During his tenure, Albright was noted for his work in upholding the Voting Rights Act of 1965 in Huntsville, ensuring the city's compliance with the law, as well as pursuing equity in Alabama legislation. In 1976, Albright was part of successful opposition to the state budget proposed by Governor George Wallace, which Albright said pitted funding for state employees against education, at a time when both departments were in "dire need". Albright advocated for raising taxes to increase funding for both areas. Albright also worked to secure a state grant for video equipment at the media departments of the University of Alabama in Huntsville and Lee High School. In 1983, Albright was redistricted to the 21st district during a special legislative election. The district remained in the Huntsville area and Albright defeated Republican nominee Keith B. Wilson with 54% of the vote in the special election.

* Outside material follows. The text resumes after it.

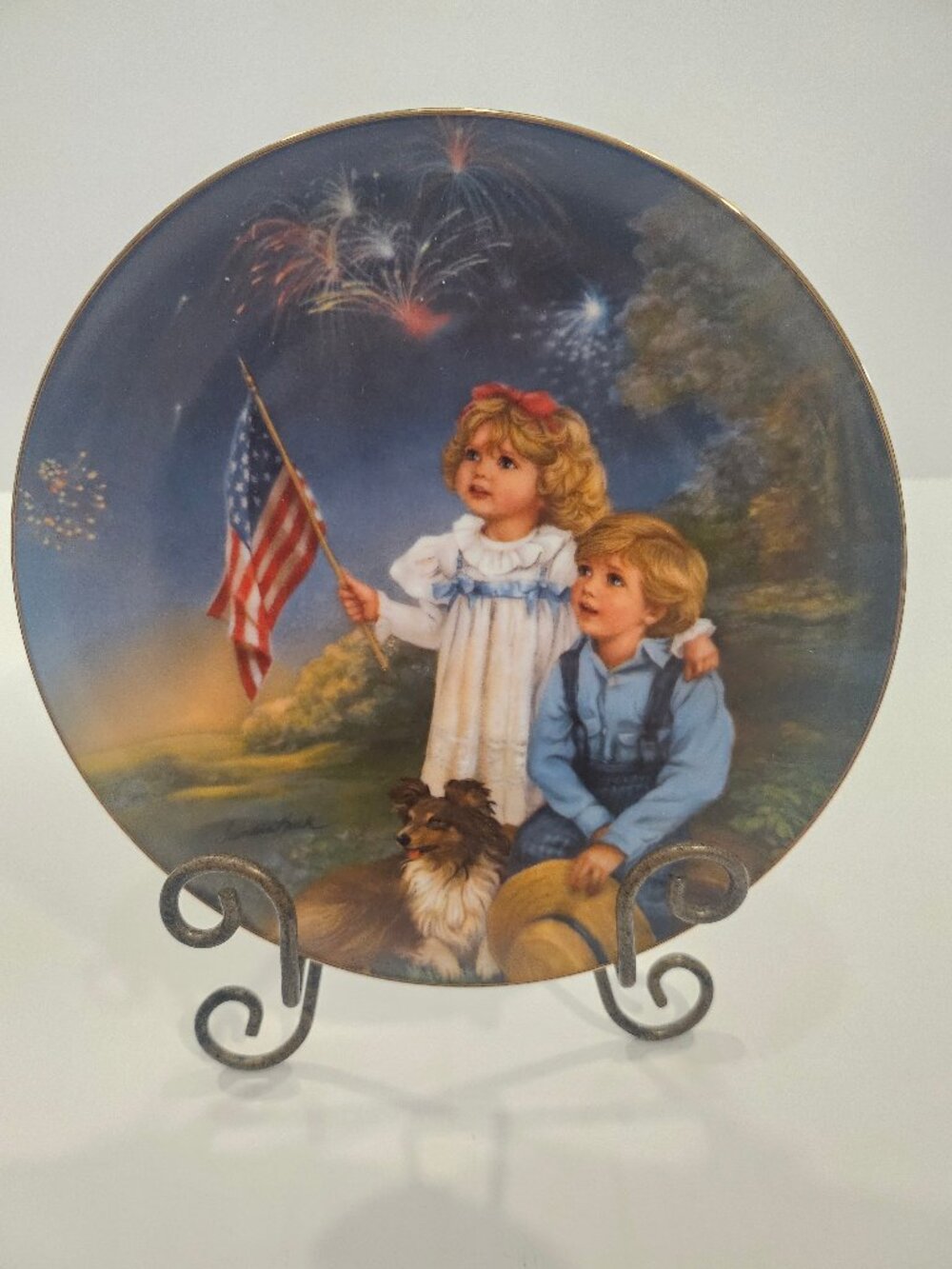 Sandra Kuck Collector Plate "Star Spangled Sky" July Patriotic RECO Int. EUC.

Albright served as a delegate from Alabama to the 1984 Democratic National Convention. In 1986, Albright lost a Democratic primary challenge to former representative Dewayne Freeman, unseating him. In 1990, Albright attempted to mount a comeback when he challenged state senator Bill Smith in the Democratic primary. Albright was financially supported by the Alabama Education Association and a trial lawyers' lobbying group with over $42,000 to his campaign, but lost the election to Smith. After leaving the Alabama Legislature, Albright worked in building engines and was a frequent speaker on civics at Scouting activities.

==Personal life and death==
Albright was married to Joan Hall, who died in 2022; the couple had three children together: Robert, Jr., Joseph, and Cherise. Albright died at his home in Florence, Alabama, on November 27, 2023, at the age of 87.